> **DESCRIPTION OF THE TASK**
Nothing other than the lines from the one containing "Minimalist Lobby Reception" through the close of the entries below should be printed, each exactly.

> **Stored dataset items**
--- START ---
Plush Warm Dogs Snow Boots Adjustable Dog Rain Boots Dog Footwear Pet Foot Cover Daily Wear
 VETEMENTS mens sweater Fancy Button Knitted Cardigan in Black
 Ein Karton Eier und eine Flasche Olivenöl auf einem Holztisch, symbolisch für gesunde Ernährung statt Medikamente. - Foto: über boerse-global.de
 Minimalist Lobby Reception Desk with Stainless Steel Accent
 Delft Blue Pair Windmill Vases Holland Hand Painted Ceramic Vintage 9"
--- END ---
> **TASK ANSWER**
 Minimalist Lobby Reception Desk with Stainless Steel Accent
 Delft Blue Pair Windmill Vases Holland Hand Painted Ceramic Vintage 9"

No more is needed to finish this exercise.